C’è un piccolo Mose su quel ramo del lago di Como
Como è da otto anni senza lungolago. La passeggiata sul Lario, su cui s’allunga splendido il centro della città, è dal 2008 un cantiere che impedisce la vista del lago. Uno scandalo senza fine. E ancora oggi non se ne vede la via d’uscita. Ora il giornale locale, La Provincia, ha raccolto le cartoline raffiguranti il lago ingabbiato, firmate da 80 mila cittadini, e le consegnerà al presidente del Consiglio Matteo Renzi, per dire: “Basta allo scandalo delle paratie”. Tutto cominciò con un Innocente Proverbio, incredibile ma veridico nome di un pensionato che a passeggio con Pluto, il suo cane, nel settembre del 2009 sbirciò oltre le transenne del cantiere sul lungolario e non vide più il lago: c’era invece un muro alto quasi due metri. Innocente telefonò alla Provincia – involontario caso di citizen journalism – e lo scandalo esplose. Saltò subito l’assessore, poi affondò nel lago l’intera giunta di centrodestra. Alle elezioni del 2012 vinse il centrosinistra che era sempre stato contrario al progetto e che prometteva di restituire a Como il suo lago.
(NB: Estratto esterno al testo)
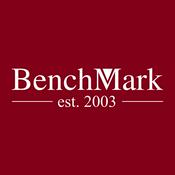 Podcast BenchMark Podcast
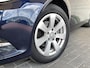 Mercedes-Benz C-klasse Estate 180 CDI Prestige|Handgeschakeld|Navi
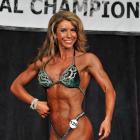 Kristen   Dockter  - NPC Masters Nationals 2011 - #1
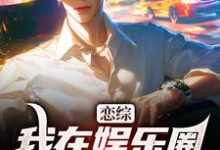 恋综:我在娱乐圈里横冲直撞(主角苏洵)完结版免费阅读-红妆文学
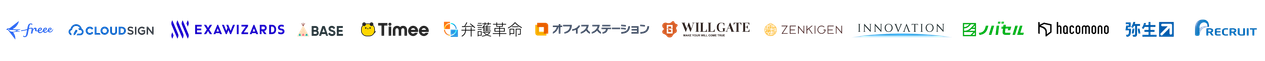 202607〜.png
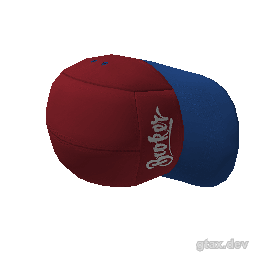p_head_000 inspection render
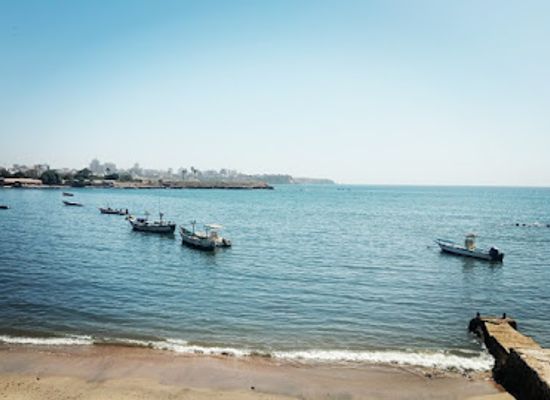 senegal/dakar/attraction/madeleine-national-park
I nuovi amministratori ci hanno provato, ma niente da fare. Il muro viene abbattuto, il cantiere però resta a impedire la vista, perché il piccolo Mose di Como è fatto anche di paratie, opere idrauliche, grandi vasche sotterranee dove imprigionare le acque per bloccare le esondazioni. Non si può più azzerare la situazione, non si riesce a tornare allo stato iniziale, perché ormai è già stato realizzato un terzo delle opere e sono stati già spesi 9 milioni di euro.
Il lungolago resta ibernato da un sortilegio cattivo. I lavori compiuti mettono in pericolo la stabilità degli edifici vicini. Viene chiesto l’intervento tecnico-scientifico dell’università. È preparata una variante per completare i lavori e smantellare il cantiere. L’azienda chiede più soldi. Ma interviene l’Anac, l’Autorità anticorruzione di Raffaele Cantone, che boccia la procedura. Non si può fare. Entra in campo anche la Corte del conti. E la Procura della Repubblica apre un’inchiesta, che costa un avviso di garanzia al sindaco pd Mario Lucini. “Sono indagato per un’opera che non volevo”, dice amaro, “pago le conseguenze di un progetto voluto da chi mi ha preceduto”.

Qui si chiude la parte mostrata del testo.